— Exercise brief —
Extract the lines from the first one in the records below through the line containing "Calendário da Borboleta (Capa)", keeping both ends and leaving out any pictures.

Saved data entries
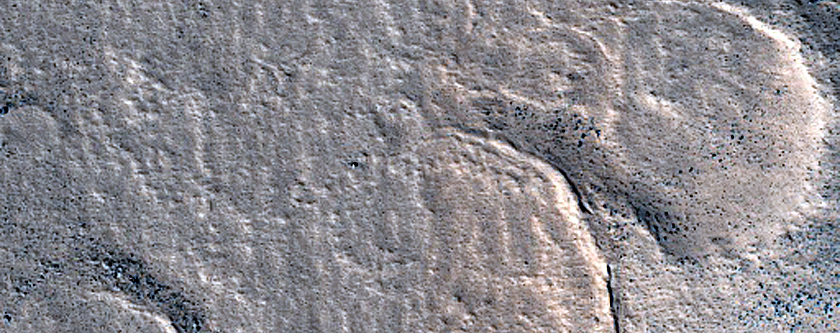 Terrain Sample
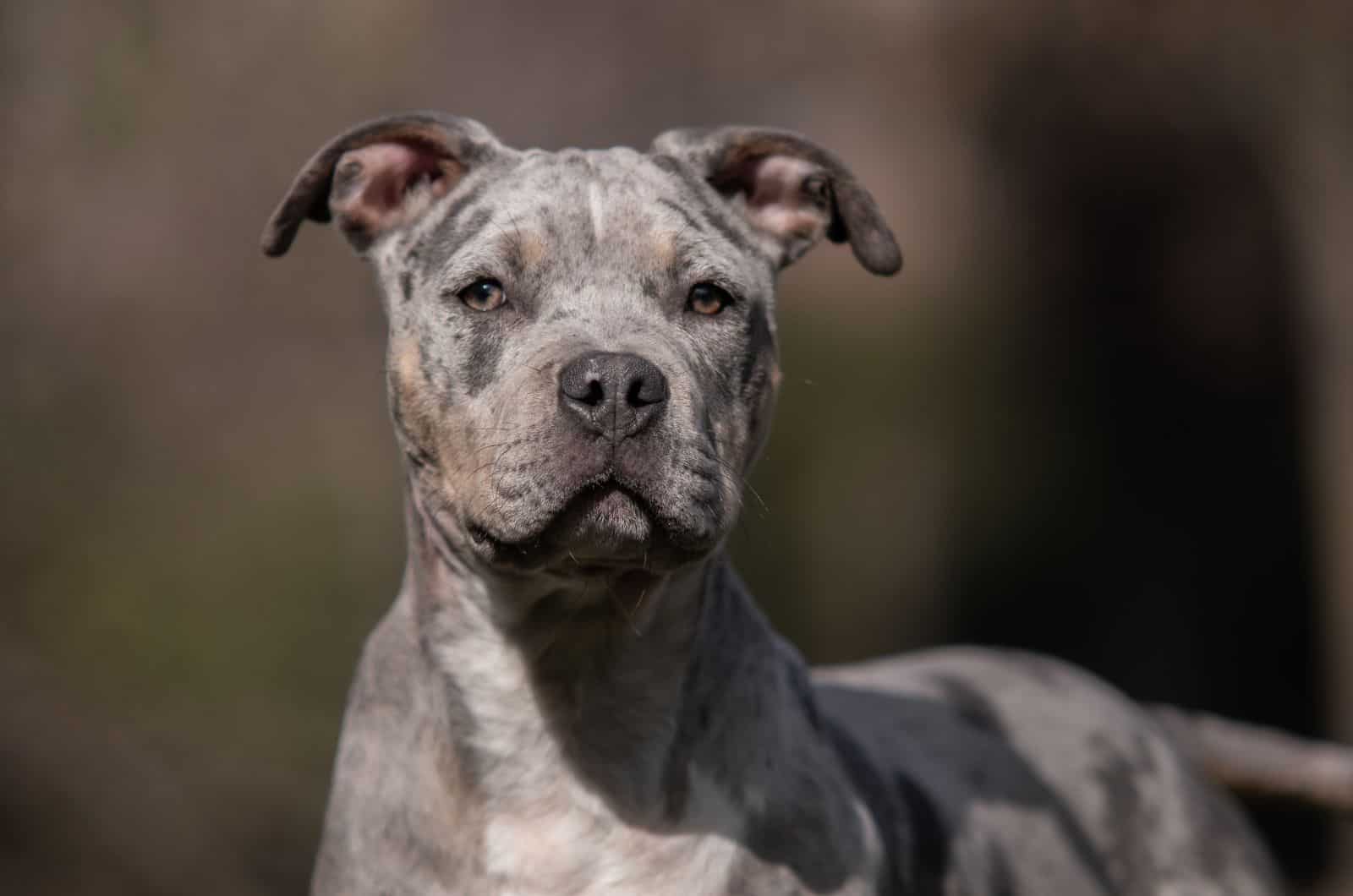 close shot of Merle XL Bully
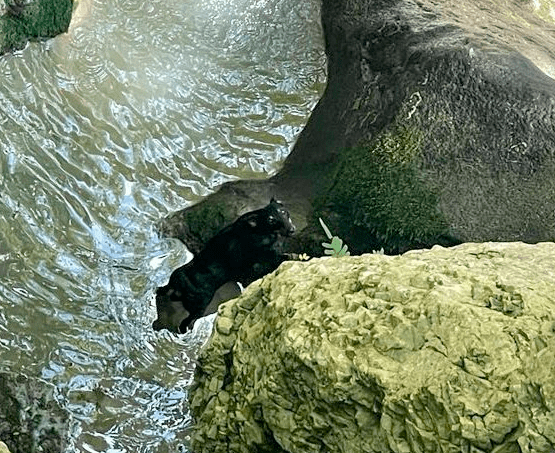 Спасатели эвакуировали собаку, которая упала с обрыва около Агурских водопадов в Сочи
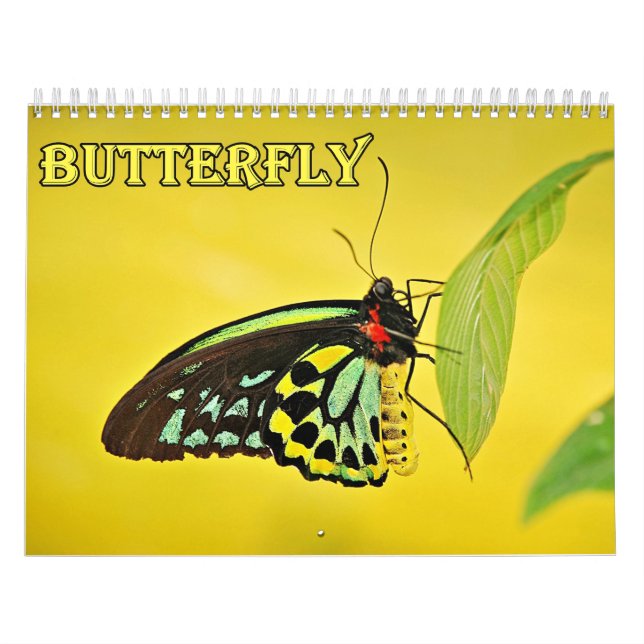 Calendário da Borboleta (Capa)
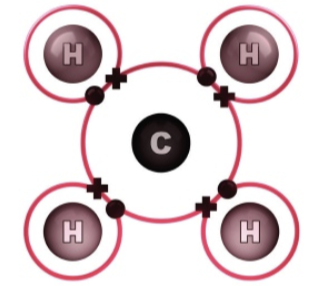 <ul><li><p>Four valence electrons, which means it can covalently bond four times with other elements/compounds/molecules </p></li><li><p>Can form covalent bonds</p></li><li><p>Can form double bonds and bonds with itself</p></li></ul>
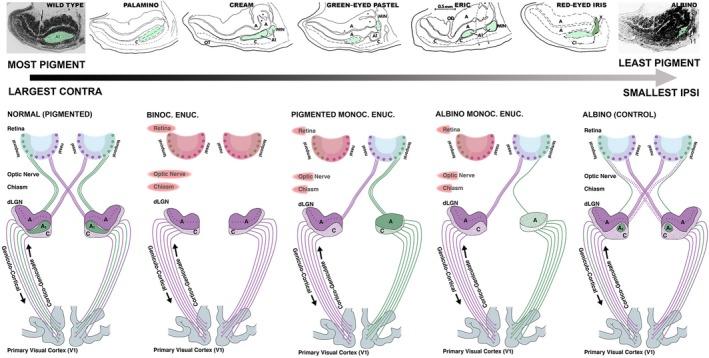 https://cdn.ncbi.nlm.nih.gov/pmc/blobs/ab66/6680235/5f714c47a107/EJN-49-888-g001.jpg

— Your solution —
 Terrain Sample
 close shot of Merle XL Bully
 Спасатели эвакуировали собаку, которая упала с обрыва около Агурских водопадов в Сочи
 Calendário da Borboleta (Capa)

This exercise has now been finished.